As derivas de Sophie Calle funcionam como jogos propostos por ela mesma. Ao retornar para Paris e começar sua prática com a fotografia, Calle sentiu-se fora da realidade da cidade. Começa, então, a seguir estranhos na rua para fotografar assuntos que a interessavam, tanto para encontrar uma atividade que lhe valesse a pena quanto para praticar fotografia. Em “A Teoria da Deriva”, Debord fala sobre a possibilidade de desorientação pessoal na deriva, uma possibilidade para além da busca do urbanismo psicogeográfico. Para Sophie Calle, a desorientação pessoal foi o ponto de partida para suas derivas, de forma “flaneurística”. Debord também descreve uma “estreiteza em Paris, em que se vive cada indivíduo...”. Sophie se propõe conhecer a estreiteza de diferentes indivíduos, por não se contentar com a sua própria. A estreiteza que Debord critica, por esta ser resultado de uma sociedade de consumo e produção, longe da liberdade e construção de uma cidade ideal, instiga Sophie Calle. Para Calle, conhecer cada subjetividade é uma forma de ter domínio dentro de um jogo e de perder o domínio dentro da forma burguesa tradicional, o que funciona como uma saída dessa configuração de cidade que não faz sentido para ela. Configura-se como uma fuga individual da sociedade que Debord critica, e que Sophie criticou também quando jovem, ainda militante política, o que pode ter influenciado em sua visão descrente sobre a vida cotidiana do mundo capitalista. 

Foi buscando a subjetividade alheia dentro da cidade que Calle realizou a deriva que a revelou para o mundo da arte. “Suite Vènitienne” (1980) parte do jogo de seguir um homem que a interessou durante um dia e que, por acaso, na mesma noite, acabou sendo apresentado a ela. Calle não mede esforços para seguir os passos do homem e, ao se conhecerem brevemente, ele a conta casualmente que estaria partindo para Veneza dentro de alguns dias. Sophie secretamente se propôs a seguir esse homem, fotografando seus rastros e tomando notas investigativas em seu caderno. É notável uma caracteristica que se perpetua em seu trabalho: a preocupação com a afeição do indíviduo pela cidade, a exemplo do momento em que ela se perde do homem que ela nos apresenta como Henri B., se lembra das poucas palavras que trocou com ele e do fato dele gostar de cemitérios, e decide procura-lo em um.

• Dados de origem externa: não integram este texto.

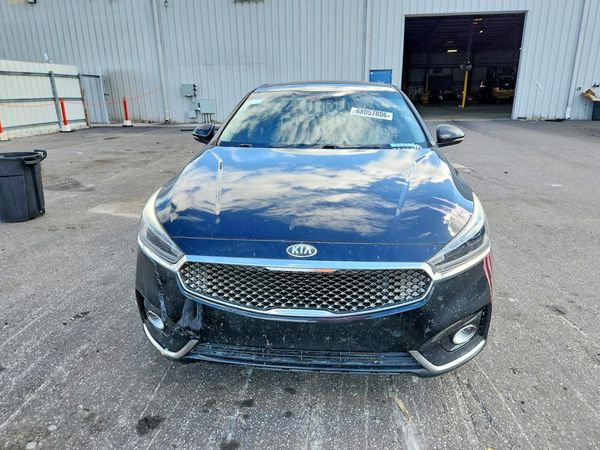 2017 KIA CADENZA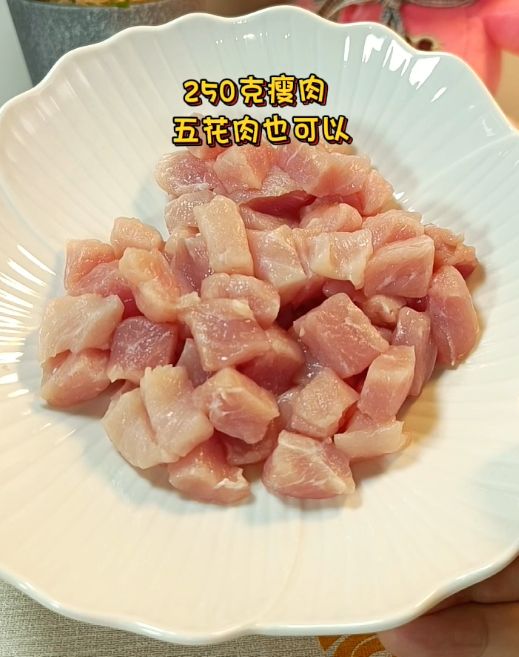 周末轻松早餐炸酱面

“Assim, o modo de vida pouco coerente, e inclusive com certas brincadeiras consideradas de mau gosto, que tem sido sempre censurada em nosso ambiente, [...] revelaria um sentimento que seria a deriva ou não seria nada. O que se pode escrever só serve como produto deste grande jogo.” Guy Debord. Teoria da deriva.

Suite Vénitienne, 1980



Constant Nieuwenhuys.menciona a auto-exclusão, perambulação e violência de grupos de contracultura como uma frustração com os limites impostos por uma sociedade voltada para o trabalho, dizendo que esses grupos formariam a New Babylon, uma construção de cidade anti-capitalista. Calle não fez parte de grupos durante sua vida, com exceção de militâncias políticas, mas é possível observar uma rebeldia para com a sociedade produtiva que ela nunca se enxergou parte de, sempre se entregando à deriva. A deriva faz parte da história de Sophie e foi a partir desta que ela encontrou a fotografia.

“Uma ou várias pessoas que se lançam à deriva renunciam, durante um tempo mais ou menos longo, os motivos para deslocar-se ou atuar normalmente em suas relações, trabalhos e entretenimentos próprios de si, para deixar-se levar pelas solicitações do terreno e os encontros que a ele corresponde.” Guy Debord, Teoria da Deriva.


Ao começar suas derivas em Paris e perseguir diferentes anônimos, Sophie Calle se deixa levar não pelo terreno, como proposto por Debord em “Teoria da Deriva”, mas pelo habitante, este que caminha pela memória afetiva (“The Eruv of Jerusalem”, “The Bronx”) – ou por suas relações cotidianas de deslocamento (“Suite Vénitienne”). A deriva de Calle decerto não se relaciona com a psicogeografia, mas sim com a subjetividade do outro que a guia e é a linha que puxa o jogo. Ao se relacionar com suas derivas-jogos, Sophie Calle segue a regra proposta por ela, mas está é uma regra elástica que pode envolver um segundo elemento que tem suas próprias regras.